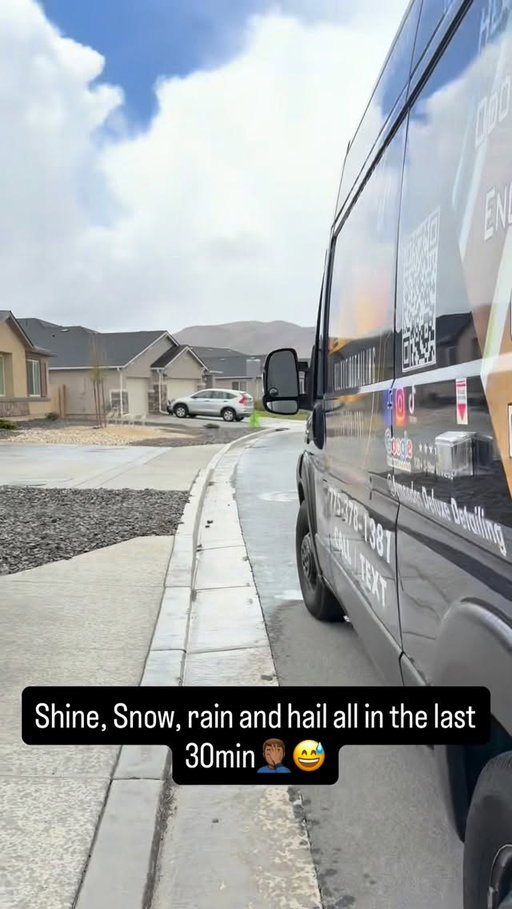 Starting the 3rd detail of the day and it starts raining, hailing, snowing and all of the above🤦🏽‍♂️

#renosbestdetailer #mobiledetailer #fyp #viral #trendingvideos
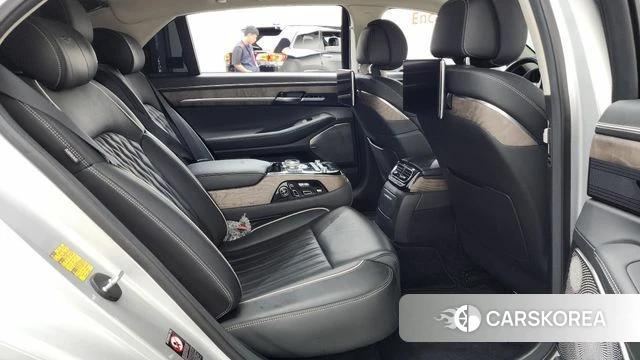 Genesis G90 2018 Серебряный из Кореи, фото 2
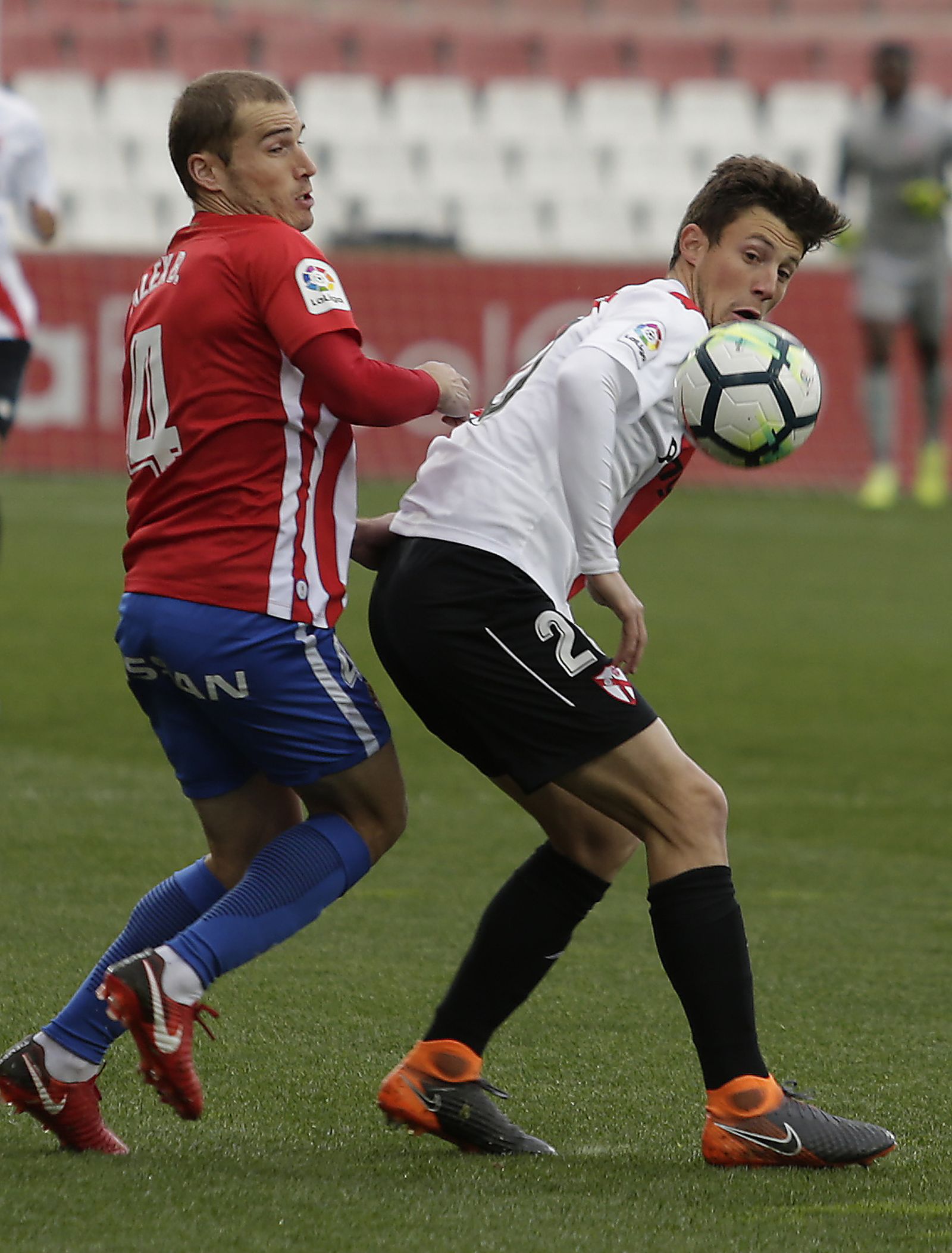 Las imágenes del Sevilla Atlético-Sporting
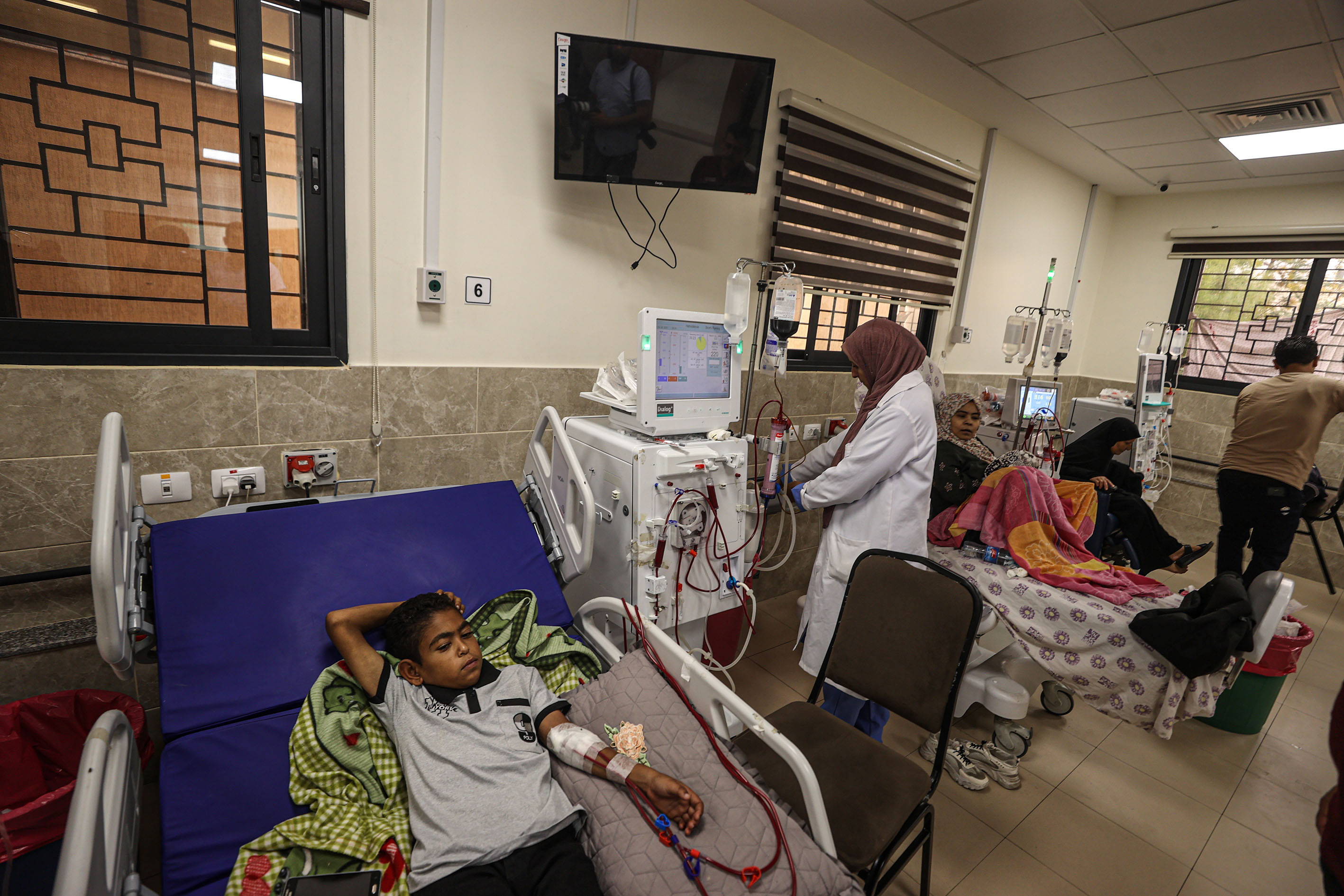 Patients receiving treatments on dialysis units, are deprived of necessary treatment due to power crisis and lack of medicines as Israeli forces cutting off electricity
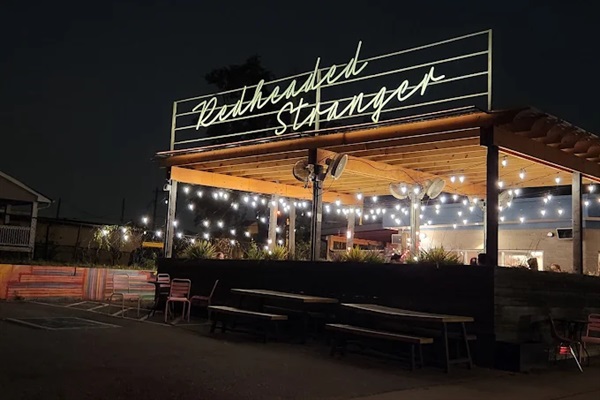 Redheaded Stranger – Viral Tex-Mex tacos & cocktails (6–8 min drive)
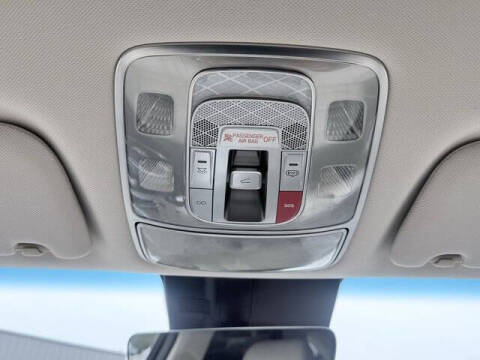 2023 Genesis GV70 2.5T Standard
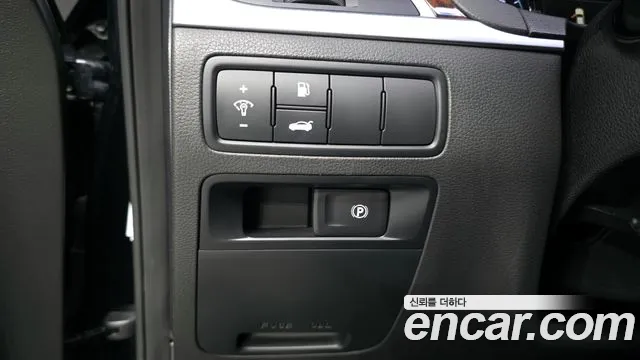 Hyundai Genesis 2016 — фото 17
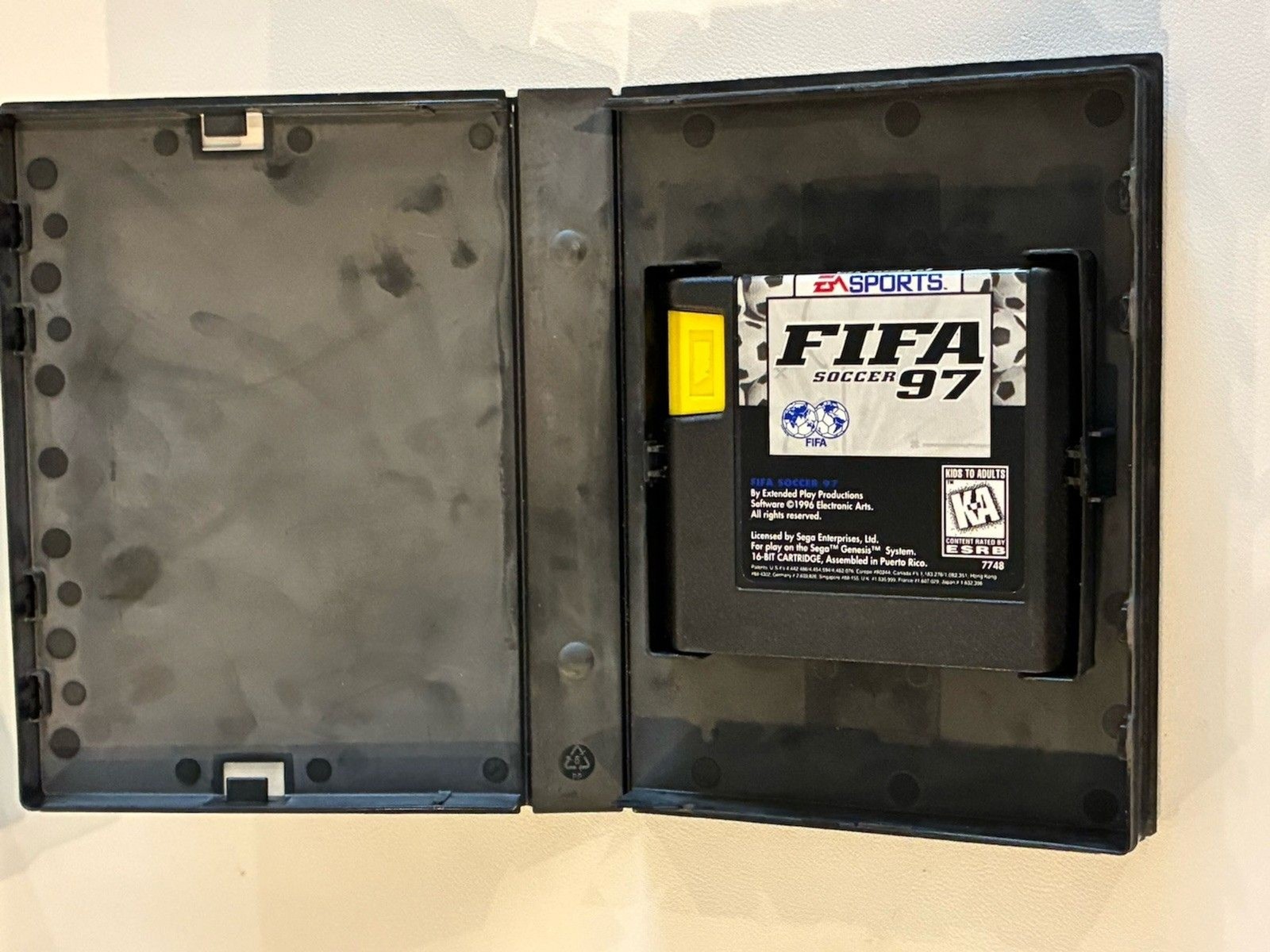 FIFA 97 (Sega Genesis, 1996) – Complete In Box Classic Soccer Game – Tested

What the task asks: Write out the records above exactly. Begin with the first line, end with the line holding "Patients receiving treatments", and drop the pictures.

Solution to the problem:
 Starting the 3rd detail of the day and it starts raining, hailing, snowing and all of the above🤦🏽‍♂️

#renosbestdetailer #mobiledetailer #fyp #viral #trendingvideos
 Genesis G90 2018 Серебряный из Кореи, фото 2
 Las imágenes del Sevilla Atlético-Sporting
 Patients receiving treatments on dialysis units, are deprived of necessary treatment due to power crisis and lack of medicines as Israeli forces cutting off electricity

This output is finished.